Jose Mourinho’s style of management is simply too demanding for some players, according to the Portuguese manager’s biographer Manuel Pereira.
The Red Devils were struggling to score goals and had their top four hopes slipping away when the decision was made, with Ole Gunnar Solskjaer stepping into the interim manager role.
United have not lost since, having come away with six straight victories, including a 1-0 triumph over Tottenham at Wembley on Sunday.
The reason for the struggles this season under Mourinho remain a mystery to both the manager and his biographer, though Pereira admitted it was clear the dressing room had been lost by the end.
“I'm sure not even Mourinho himself has a clear answer to [what went wrong],” Pereira told Goal. “There were difficulties between him and the responsible persons from the beginning.
“He wanted players he never got. This frustrated him because he did not think he could play for all titles with this team.
“At the beginning, however, he got along with the players. This was also shown by the success in the Europa League.
“By the beginning of this season, however, he lost more and more of the support of the locker room until he was no longer acceptable. You see how big his problems with the team were at the end, when you look at how the team plays now under his successor.”

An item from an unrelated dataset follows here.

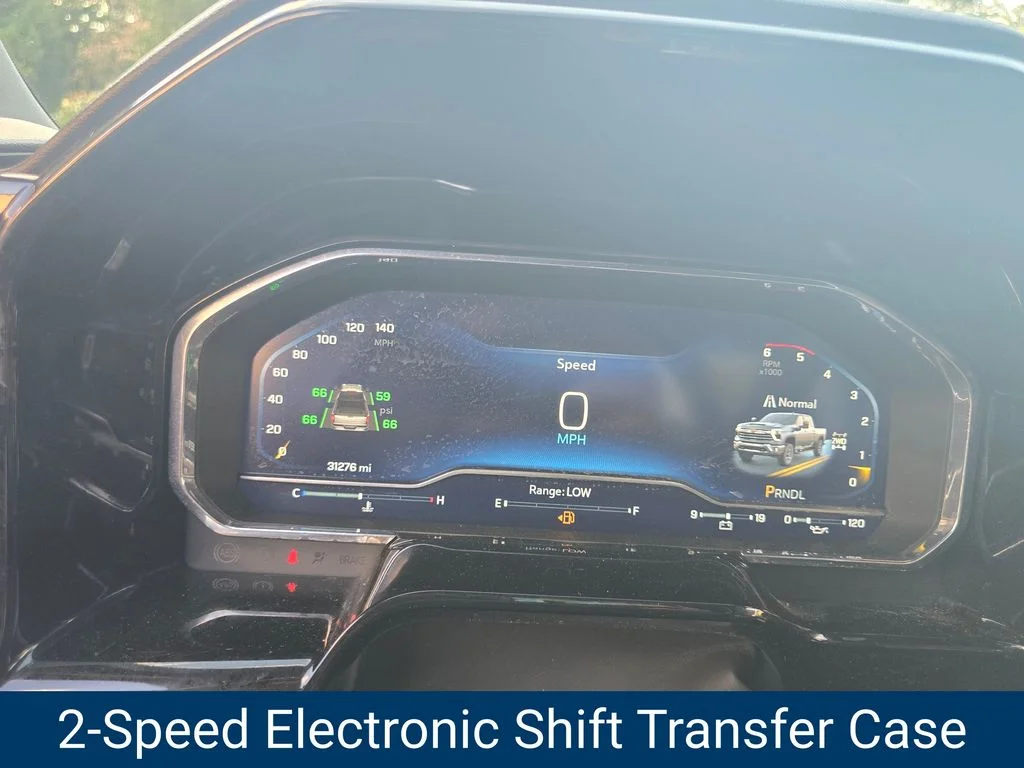 Certified Used 2025 White Chevrolet LT image 35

Given what happened at Mourinho's prior stops, most notably at Chelsea and Real Madrid, that was not a surprise to Pereira, who notes that many players cannot handle Mourinho's management style for more than few years before things begin to fracture.
“Mourinho is a trainer for shorter periods,” Pereira said. “He's never been in a club for more than two or three years, has success first, and finally gets into a fight because the chemistry inside is not right.
“That's just Mourinho. A very ambitious and demanding coach, but for some players after a certain time, too demanding. They will eventually relax and rest.
“That was also the case in Manchester - and foreseeable for me before the season.”
Pereira attributed part of the problems to Rui Faria’s departure from the club, though he did note Mourinho’s frustration with the club’s transfers also played a role
“[Rui Faria] was something like Mourinho's right hand, Mourinho's mirror – a footballer who understood Mourinho's way of working better than anyone else,” Pereira said. “The separation from him, but also the failed once again transfers were ultimately crucial for Mourinho's failure.”
And Pereira was not surprised United ultimately decided to part ways with the manager, given the circumstances. With the squad dissatisfied, it was a choice between them and the manager with only one outcome possible.
“It's still cheaper to fire a coach than a whole team,” Pereira said. “Those responsible no longer had a choice. The pressure was huge. A club like Manchester United can not settle for sixth or seventh place.
“Even if teams like Liverpool or City are stronger: A Champions League course should be able to be reached with this squad.
“Although Mourinho did not get every player he wanted, a lot of money was spent without a reasonable return.”